Do you remember in January when Gov. Brian Sandoval gave his State of the State address? Along with calling for the largest tax increase in Nevada history, he promised “to pass the right reforms of our collective bargaining laws. We must ensure that districts are spending money where it is needed most and that a reform on educational investment is not overshadowed by employee compensation models.”
Well, it’s day 113 of the 120-day session and no substantial collective bargaining reform has even made it out of committee.
There has been movement on minor reforms, like protecting ending fund balances in SB168, but the collective bargaining bill with the most hype has been SB241, introduced by Sen.
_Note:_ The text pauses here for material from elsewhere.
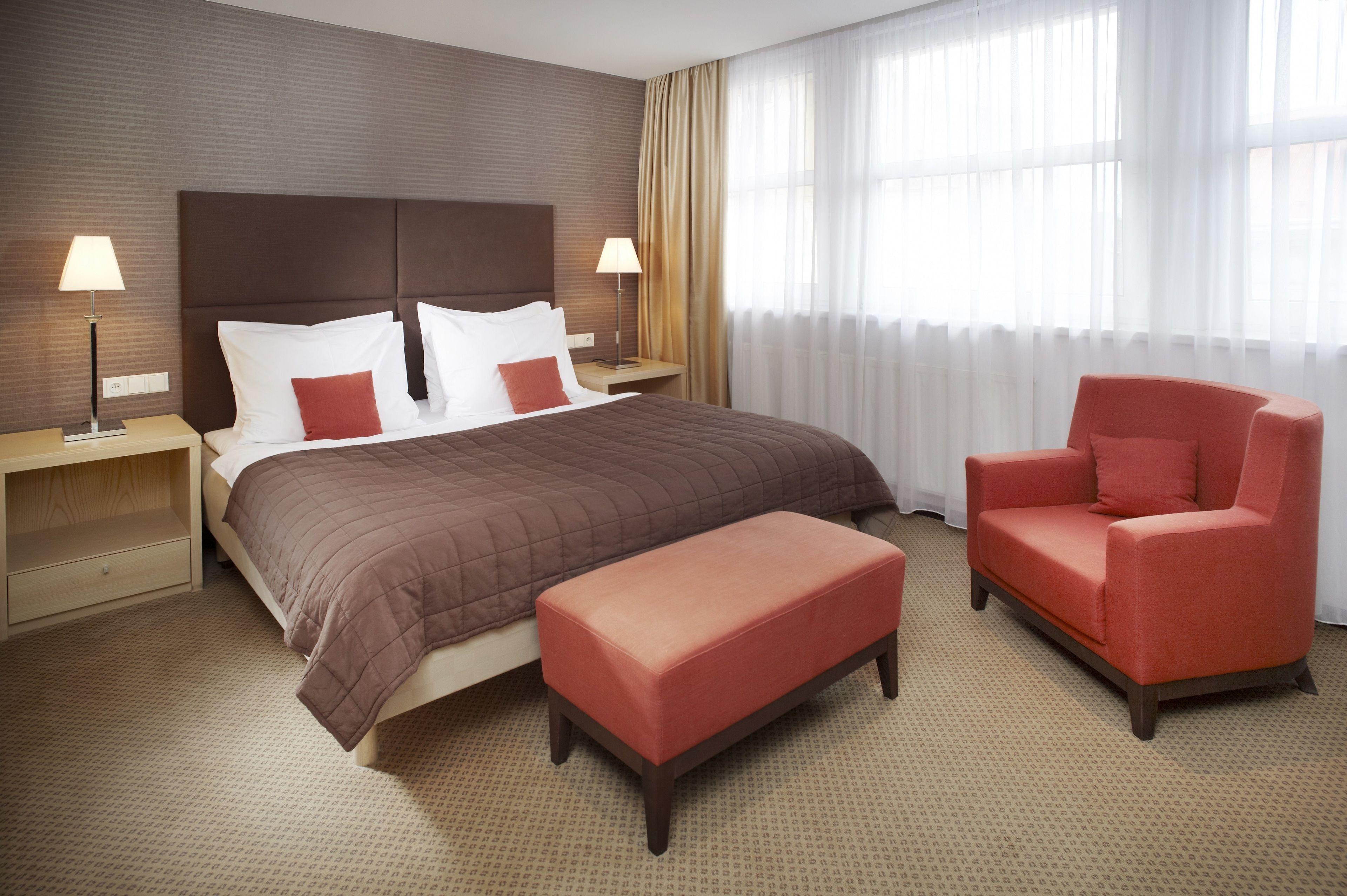 The Hotel Fitzgerald, Prague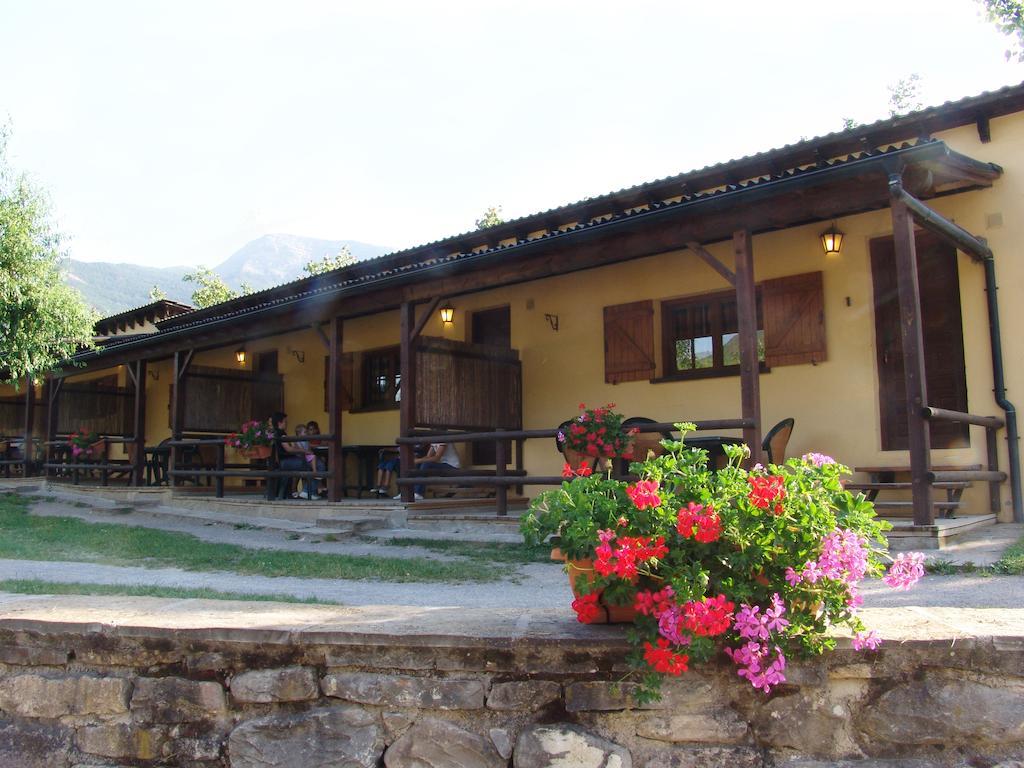 Camping El Jabalí Blanco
Majority Leader Michael Roberson, which has already passed both houses.
When you first read look at SB241, it sounds like it’s a substantive reform, but when you examine the details, you’ll find it makes only cosmetic changes.
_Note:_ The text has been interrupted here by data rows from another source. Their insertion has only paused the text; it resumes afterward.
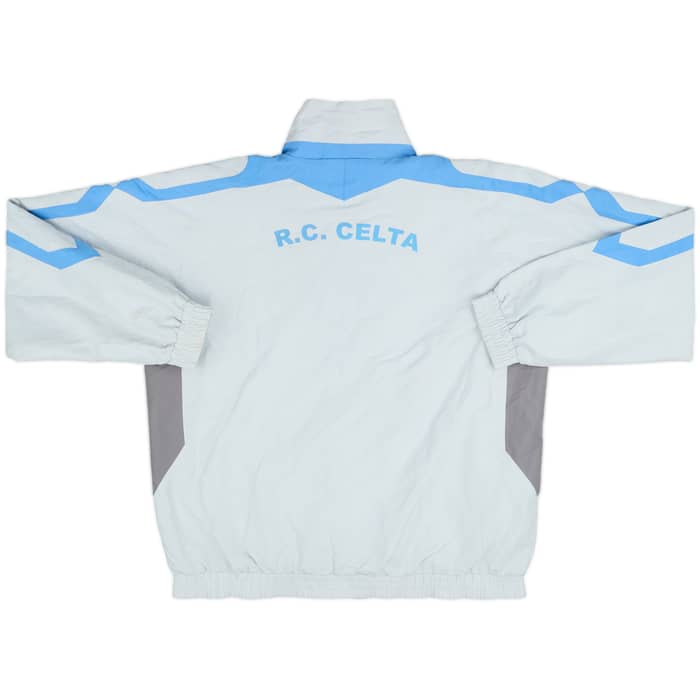 2005-07 Celta Vigo Umbro Tracksuit - 5/10 - (M)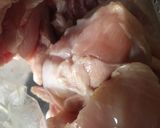 A picture of step 1 of Spicy chicken wings.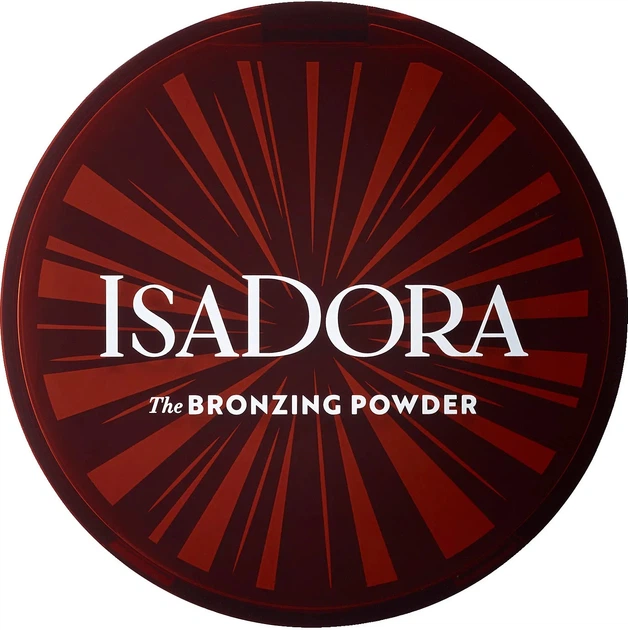 Пудра Isadora бронзувальна 46 Golden Tan 10 г (7333352085061) - зображення 2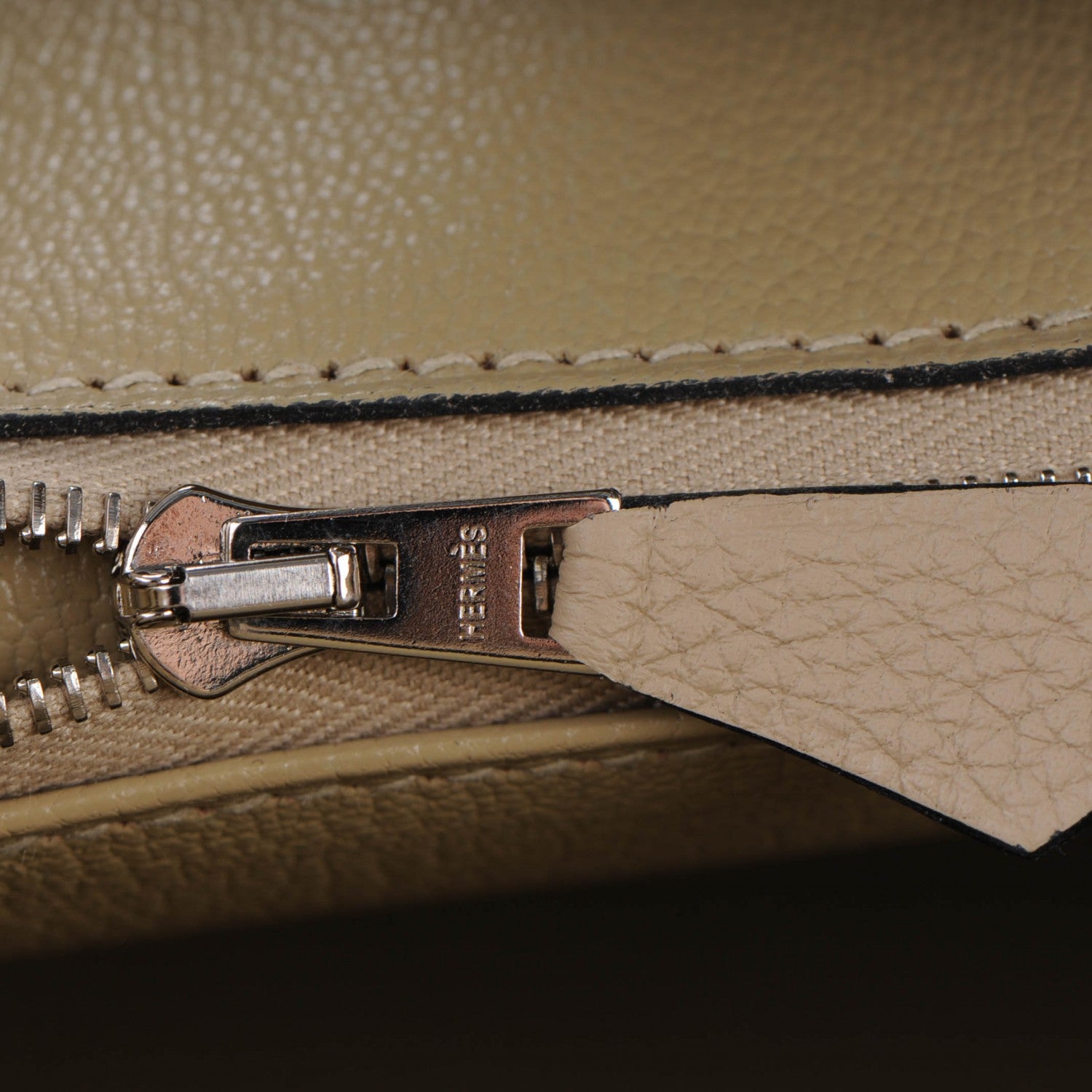Hermes Togo Birkin 35 Trench 18 of 27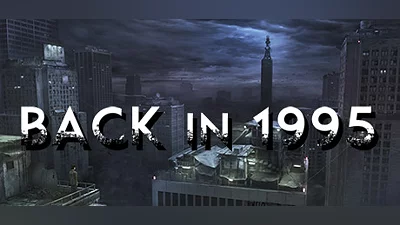Сборник Back in 1995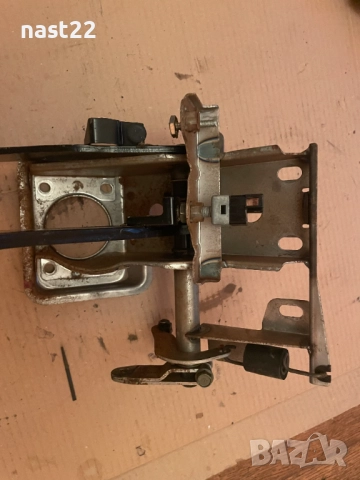 Конзола с педали на съединителя Сузуки Гранд Витара/Suzuki Grand Vitara 1998-2005 1.6 97 к.с., снимка 5 - Части - 52770574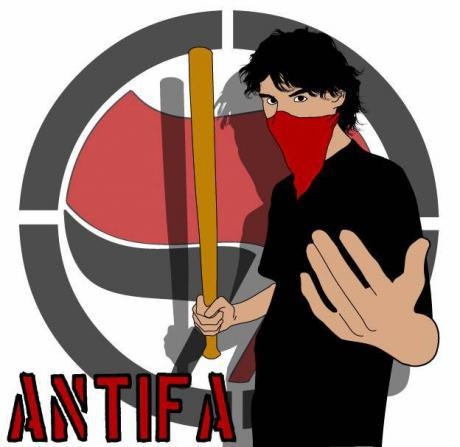 "Antifascistas": ¿benefactores de la humanidad o mamporreros del sistema? Img_9010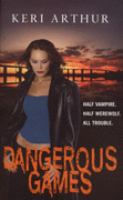 Dangerous Games cover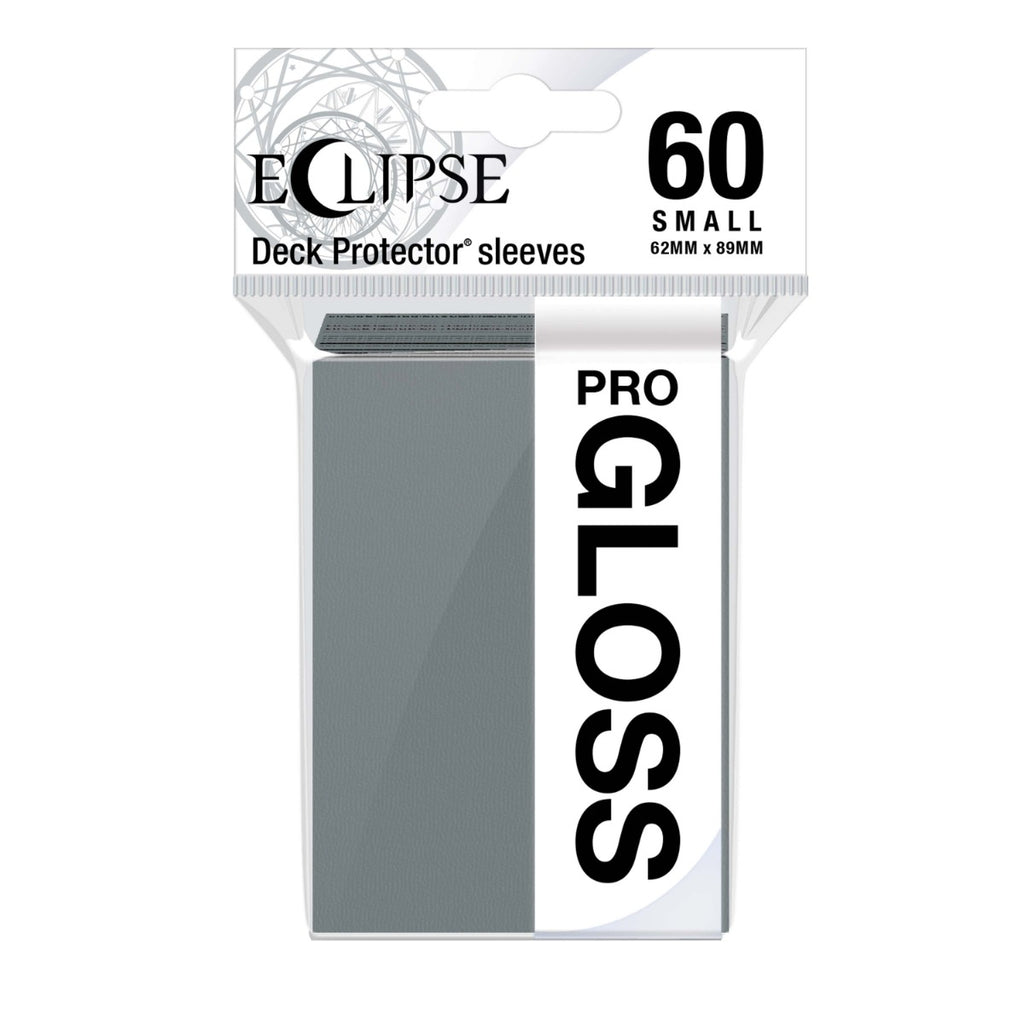 LC Eclipse Gloss Small Sleeves 60 pack Smoke Grey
First, is the section dealing with union leave. Union leave time is where government pays union workers to work for their union. SB241 requires unions to reimburse government agencies for union leave time or to offset the leave time by the value of concessions made by the employee organization in the negotiation of the collective bargaining agreement. That’s what unions already claim happens with union leave time, so while this section sounds good, it will change nothing in practice.
Next, the bill limits but still allows government employees to receive compensation increases after their contract expires and increases the number of mandatory bargaining session from four to eight.
Then it says that any administrator making over $120,000 in salary isn’t allowed to bargain collectively. That sounds nice, because the $120,000 is in salary, not total compensation, that only applies to 37 employees in the Clark County School District and 27 employees in the Washoe County School District, some of whom already can’t collectively bargaining. And because the $120,000 increases with inflation, it will include only a handful of more employees in the upcoming years.
There are a couple of good provisions. Principals are at-will for their first three years of employment and have to reapply for their positions every five years, but that’s it.
There’s nothing in SB241 about teachers, which is the most important school controlled-factor in student achievement, or changing outdated employee compensation models, like Sandoval promised.
There is still time for the legislature to pass substantial reforms, like AB182 or AB280, but the clock is ticking. Without those reforms, calls for higher taxes will just be shoveling more money into the same broken system.